### EXERCISE INSTRUCTIONS
The reply must contain exactly the lines below from the one with "Systems and methods" down to the one with "Сноуборд чоловічий CAPiTA", both included, and nothing more; please omit the pictures.

### DATASET CONTENT
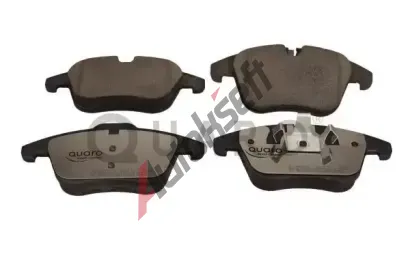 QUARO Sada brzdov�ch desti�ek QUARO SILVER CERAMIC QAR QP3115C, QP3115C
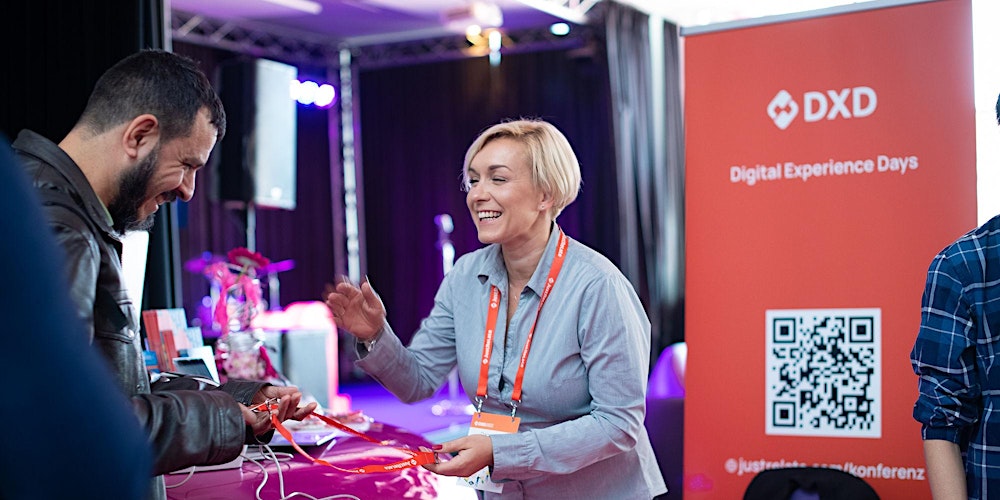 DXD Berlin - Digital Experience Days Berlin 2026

...

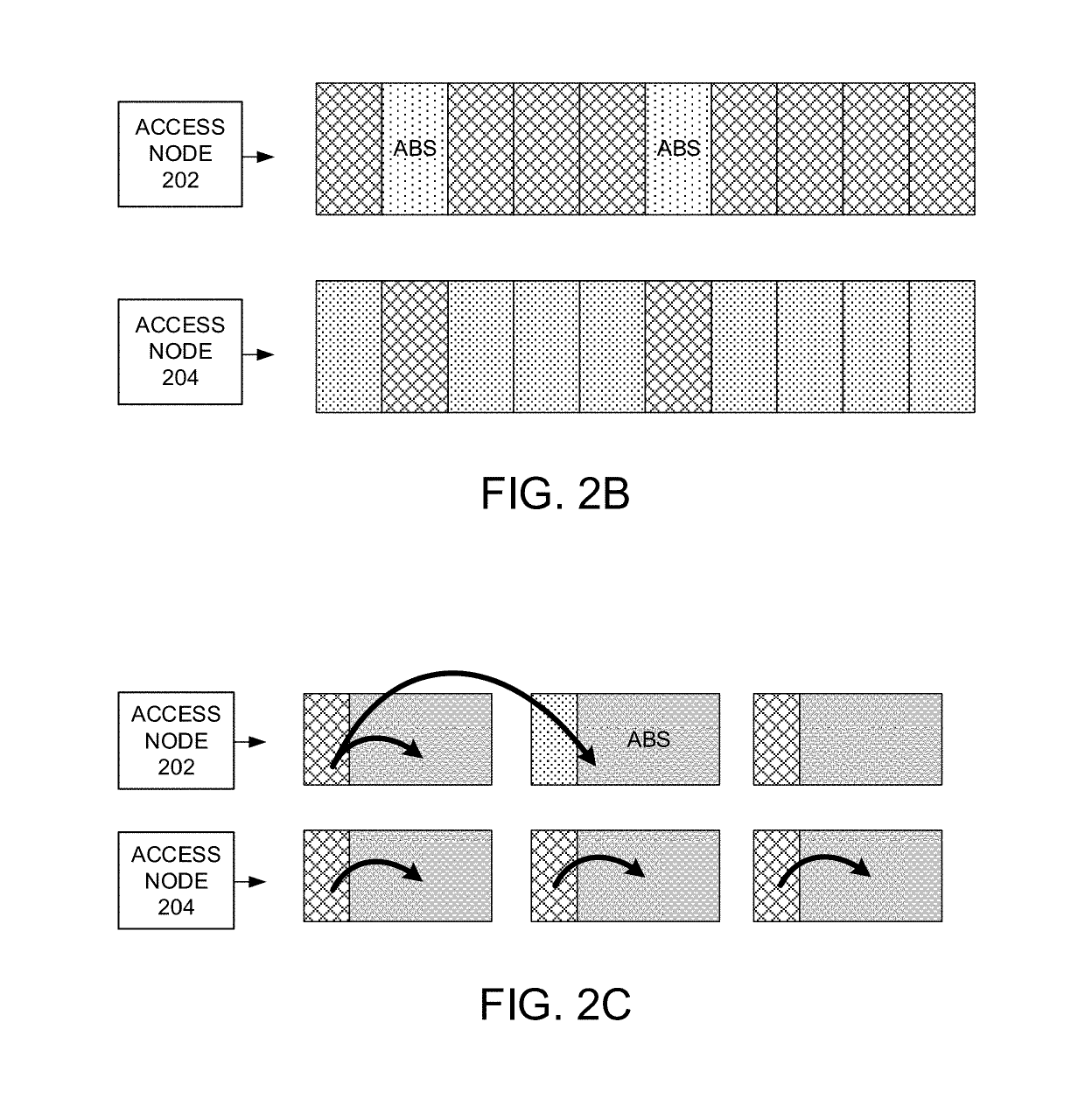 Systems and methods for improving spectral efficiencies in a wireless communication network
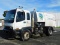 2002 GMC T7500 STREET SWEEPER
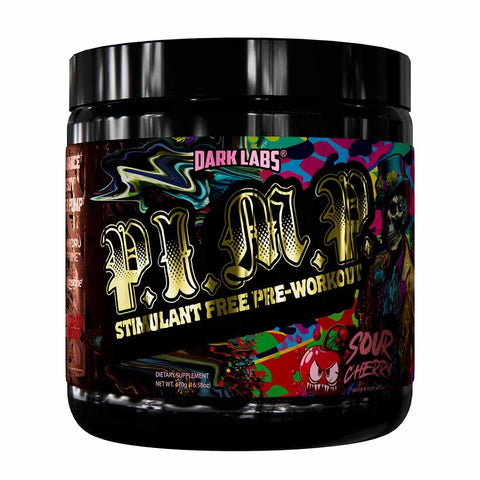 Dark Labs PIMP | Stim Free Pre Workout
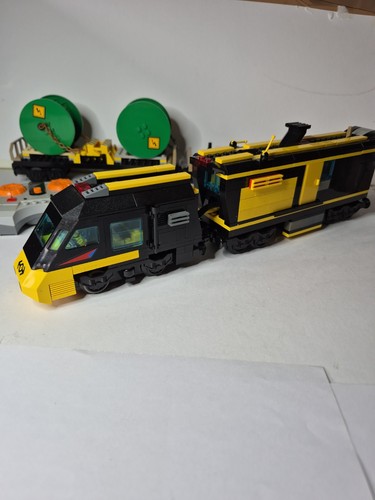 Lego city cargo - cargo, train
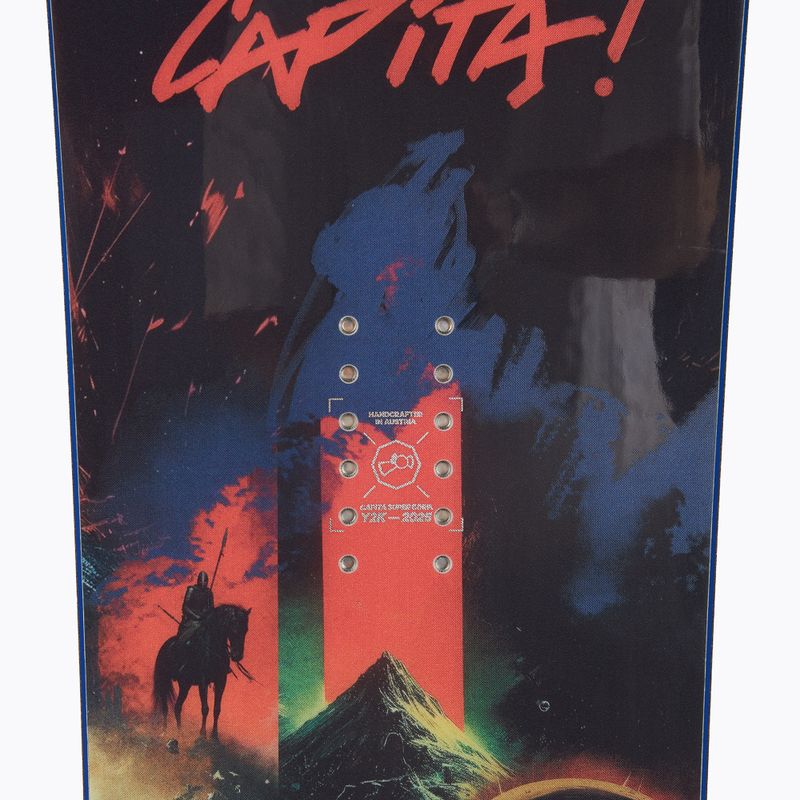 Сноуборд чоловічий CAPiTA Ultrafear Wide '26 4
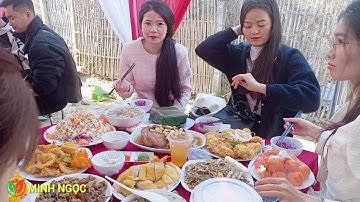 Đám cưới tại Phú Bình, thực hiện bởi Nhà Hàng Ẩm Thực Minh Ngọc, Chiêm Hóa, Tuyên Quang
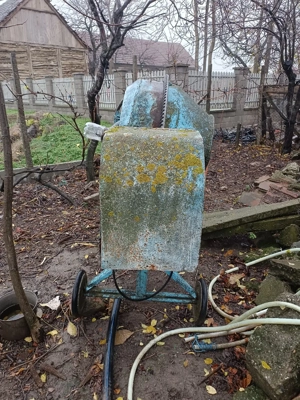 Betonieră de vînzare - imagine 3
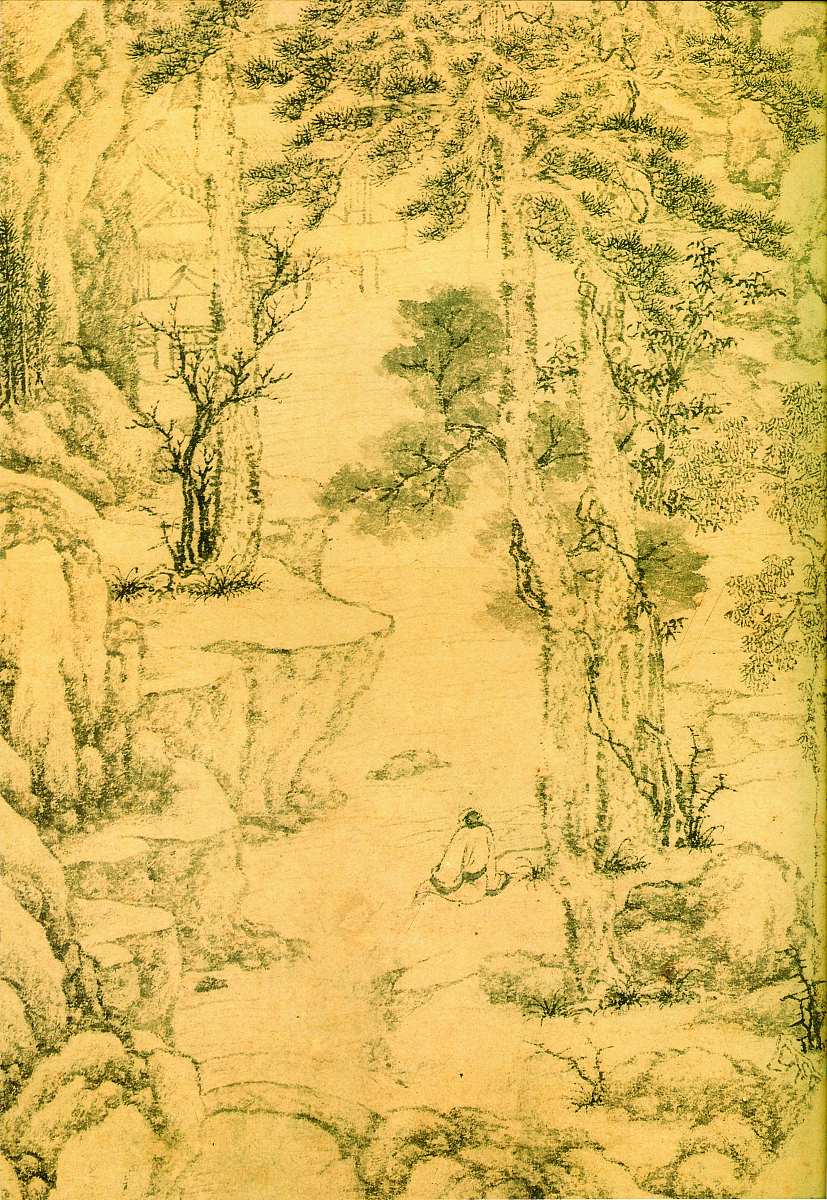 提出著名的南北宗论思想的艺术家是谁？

### PROBLEM SOLUTION
 Systems and methods for improving spectral efficiencies in a wireless communication network
 2002 GMC T7500 STREET SWEEPER
 Dark Labs PIMP | Stim Free Pre Workout
 Lego city cargo - cargo, train
 Сноуборд чоловічий CAPiTA Ultrafear Wide '26 4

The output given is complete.